Updated at 4:45 p.m. ET

President Trump said that he is strongly considering sending detained immigrants in the country illegally to "sanctuary cities" to try to punish Democrats who have opposed his stringent immigration proposals.

He said in tweets Friday that because Democrats have been unwilling to change immigration laws, his administration is considering "placing" such immigrants there.

The comments from Trump follow a Washington Post report on Thursday that White House officials had been considering such a move "to retaliate against President Trump's political adversaries."

Trump aides had reportedly proposed such a transfer twice — last November, as a migrant caravan seeking asylum in the U.S. approached the country's border with Mexico, and again in February during a fight with Congress over funding for his border wall following a 35-day government shutdown that eventually resulted in his declaring a national emergency to obtain the funds.

Also according to the Post, the White House argued to the Immigration and Customs Enforcement agency that its plan was designed to find a solution to a lack of detention space along with "political retribution" against Democrats. But ICE lawyers "rejected the idea as inappropriate and rebuffed the administration."

One of the cities Trump had reportedly hoped to target was House Speaker Nancy Pelosi's San Francisco district. When asked by reporters on Friday morning about the Post's report, prior to Trump's tweet confirmation, she said she wasn't aware of it but that such an idea was disrespectful to the country.

"I don't know anything about it," Pelosi said, "but, again, it's just another notion that is unworthy of the presidency of the United States and disrespectful of the challenges that we face as a country, as a people, to address who we are: a nation of immigrants."

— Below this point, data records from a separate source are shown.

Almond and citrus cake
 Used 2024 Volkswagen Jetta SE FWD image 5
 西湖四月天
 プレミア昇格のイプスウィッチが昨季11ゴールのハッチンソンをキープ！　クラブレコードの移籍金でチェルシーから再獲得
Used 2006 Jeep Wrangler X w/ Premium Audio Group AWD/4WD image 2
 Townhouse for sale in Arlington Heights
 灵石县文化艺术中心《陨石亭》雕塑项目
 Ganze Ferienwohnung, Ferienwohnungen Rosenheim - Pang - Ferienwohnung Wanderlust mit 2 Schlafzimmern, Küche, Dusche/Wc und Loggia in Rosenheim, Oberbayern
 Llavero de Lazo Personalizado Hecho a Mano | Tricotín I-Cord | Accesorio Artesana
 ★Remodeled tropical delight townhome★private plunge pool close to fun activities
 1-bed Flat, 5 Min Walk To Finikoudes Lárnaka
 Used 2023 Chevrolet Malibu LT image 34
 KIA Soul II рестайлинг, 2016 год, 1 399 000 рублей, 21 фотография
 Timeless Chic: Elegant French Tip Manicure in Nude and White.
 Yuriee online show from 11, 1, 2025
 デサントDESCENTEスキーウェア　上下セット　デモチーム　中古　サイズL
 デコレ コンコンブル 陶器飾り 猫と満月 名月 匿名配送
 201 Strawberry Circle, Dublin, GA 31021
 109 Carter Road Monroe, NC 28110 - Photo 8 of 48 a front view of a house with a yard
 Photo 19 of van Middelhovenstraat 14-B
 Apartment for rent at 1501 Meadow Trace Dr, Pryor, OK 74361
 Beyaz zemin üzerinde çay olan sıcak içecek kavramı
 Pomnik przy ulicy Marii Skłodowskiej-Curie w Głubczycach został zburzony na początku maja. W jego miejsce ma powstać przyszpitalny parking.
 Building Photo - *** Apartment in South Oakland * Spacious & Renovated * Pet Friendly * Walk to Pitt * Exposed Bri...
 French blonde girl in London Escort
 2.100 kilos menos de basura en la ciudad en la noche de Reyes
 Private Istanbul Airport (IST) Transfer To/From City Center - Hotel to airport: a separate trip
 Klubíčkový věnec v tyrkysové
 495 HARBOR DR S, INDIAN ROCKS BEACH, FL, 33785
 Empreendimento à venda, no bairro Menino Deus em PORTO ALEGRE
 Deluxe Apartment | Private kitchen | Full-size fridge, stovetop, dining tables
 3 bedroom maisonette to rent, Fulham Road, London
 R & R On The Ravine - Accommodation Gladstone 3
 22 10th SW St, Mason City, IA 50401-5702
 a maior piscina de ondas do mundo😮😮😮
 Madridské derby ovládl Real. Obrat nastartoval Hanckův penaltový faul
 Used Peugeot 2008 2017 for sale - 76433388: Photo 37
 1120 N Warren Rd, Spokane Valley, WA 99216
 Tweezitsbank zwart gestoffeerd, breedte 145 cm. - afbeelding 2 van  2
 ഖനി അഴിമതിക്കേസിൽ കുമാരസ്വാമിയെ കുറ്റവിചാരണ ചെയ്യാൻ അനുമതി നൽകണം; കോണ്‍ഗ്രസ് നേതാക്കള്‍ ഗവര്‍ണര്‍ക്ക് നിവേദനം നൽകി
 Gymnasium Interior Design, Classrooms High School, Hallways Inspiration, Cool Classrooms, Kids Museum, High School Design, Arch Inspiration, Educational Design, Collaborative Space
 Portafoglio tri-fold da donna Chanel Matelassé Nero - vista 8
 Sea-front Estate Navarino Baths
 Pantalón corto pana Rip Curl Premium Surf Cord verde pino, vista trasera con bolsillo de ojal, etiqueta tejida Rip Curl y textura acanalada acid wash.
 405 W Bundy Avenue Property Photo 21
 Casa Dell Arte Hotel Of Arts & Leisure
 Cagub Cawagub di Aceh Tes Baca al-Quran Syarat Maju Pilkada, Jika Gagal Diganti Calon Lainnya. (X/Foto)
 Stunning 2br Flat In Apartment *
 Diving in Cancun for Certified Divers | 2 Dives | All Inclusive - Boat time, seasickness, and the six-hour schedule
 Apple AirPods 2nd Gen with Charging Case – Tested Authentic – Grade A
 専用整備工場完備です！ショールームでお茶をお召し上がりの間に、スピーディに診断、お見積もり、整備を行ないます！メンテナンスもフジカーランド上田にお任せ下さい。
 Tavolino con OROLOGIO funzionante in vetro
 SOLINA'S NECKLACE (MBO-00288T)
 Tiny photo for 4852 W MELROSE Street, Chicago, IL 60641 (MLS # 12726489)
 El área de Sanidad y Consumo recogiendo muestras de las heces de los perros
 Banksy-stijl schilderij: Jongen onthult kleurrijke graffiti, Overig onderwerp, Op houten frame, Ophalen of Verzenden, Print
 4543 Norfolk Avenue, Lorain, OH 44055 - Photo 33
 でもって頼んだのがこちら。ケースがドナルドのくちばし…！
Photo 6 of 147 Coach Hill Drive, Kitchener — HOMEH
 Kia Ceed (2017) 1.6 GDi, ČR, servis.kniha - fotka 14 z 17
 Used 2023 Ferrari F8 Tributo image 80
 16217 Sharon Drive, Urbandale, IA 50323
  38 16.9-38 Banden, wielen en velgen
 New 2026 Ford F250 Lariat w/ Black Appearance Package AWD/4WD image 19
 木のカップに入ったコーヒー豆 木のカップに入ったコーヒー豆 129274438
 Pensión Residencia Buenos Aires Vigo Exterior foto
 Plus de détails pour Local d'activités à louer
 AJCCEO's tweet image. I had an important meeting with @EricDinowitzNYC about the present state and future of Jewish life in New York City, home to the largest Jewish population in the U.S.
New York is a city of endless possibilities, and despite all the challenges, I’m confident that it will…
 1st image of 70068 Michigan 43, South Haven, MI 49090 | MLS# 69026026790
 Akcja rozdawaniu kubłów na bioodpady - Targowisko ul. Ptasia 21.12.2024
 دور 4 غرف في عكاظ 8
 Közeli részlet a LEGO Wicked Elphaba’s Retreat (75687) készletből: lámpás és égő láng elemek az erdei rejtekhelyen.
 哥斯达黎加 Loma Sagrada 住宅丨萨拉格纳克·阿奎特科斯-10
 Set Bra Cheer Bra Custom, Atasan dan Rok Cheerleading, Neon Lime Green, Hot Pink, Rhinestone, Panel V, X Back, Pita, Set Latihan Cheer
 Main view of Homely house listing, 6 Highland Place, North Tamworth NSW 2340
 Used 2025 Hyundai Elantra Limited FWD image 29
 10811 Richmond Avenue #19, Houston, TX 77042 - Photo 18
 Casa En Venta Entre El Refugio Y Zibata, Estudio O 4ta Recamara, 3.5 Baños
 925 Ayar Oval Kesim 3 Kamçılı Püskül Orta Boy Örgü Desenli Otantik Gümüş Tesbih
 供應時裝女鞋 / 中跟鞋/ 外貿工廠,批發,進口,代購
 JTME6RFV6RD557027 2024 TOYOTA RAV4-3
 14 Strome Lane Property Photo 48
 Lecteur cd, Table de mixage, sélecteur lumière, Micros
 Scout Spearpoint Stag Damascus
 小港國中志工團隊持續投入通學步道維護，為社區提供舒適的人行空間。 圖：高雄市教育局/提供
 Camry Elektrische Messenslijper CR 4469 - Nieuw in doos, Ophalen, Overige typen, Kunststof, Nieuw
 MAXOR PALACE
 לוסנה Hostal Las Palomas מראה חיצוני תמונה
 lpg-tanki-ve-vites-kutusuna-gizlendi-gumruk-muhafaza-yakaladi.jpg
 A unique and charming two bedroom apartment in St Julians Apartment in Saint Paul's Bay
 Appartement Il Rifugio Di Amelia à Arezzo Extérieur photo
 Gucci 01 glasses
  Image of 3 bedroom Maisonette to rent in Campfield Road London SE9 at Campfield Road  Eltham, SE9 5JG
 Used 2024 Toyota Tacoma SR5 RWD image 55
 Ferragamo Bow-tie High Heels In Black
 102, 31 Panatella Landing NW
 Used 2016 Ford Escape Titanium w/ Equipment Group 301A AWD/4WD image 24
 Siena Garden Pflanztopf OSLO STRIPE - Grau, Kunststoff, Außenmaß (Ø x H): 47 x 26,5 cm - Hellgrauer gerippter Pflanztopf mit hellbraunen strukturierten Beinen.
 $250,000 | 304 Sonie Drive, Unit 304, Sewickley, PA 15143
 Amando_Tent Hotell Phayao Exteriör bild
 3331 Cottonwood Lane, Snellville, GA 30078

UnidosUS, a Latino civil rights organization that was formerly known as the National Council of La Raza, said in a statement that Trump's threats were "beyond reprehensible."

"It seems that not only is President Trump attempting to utilize human beings, who have already experienced a traumatic situation, as tools to get back at political foes, but as a vehicle to further divide communities by stoking racial tensions," UnidosUS President and CEO Janet Murguia said in a statement.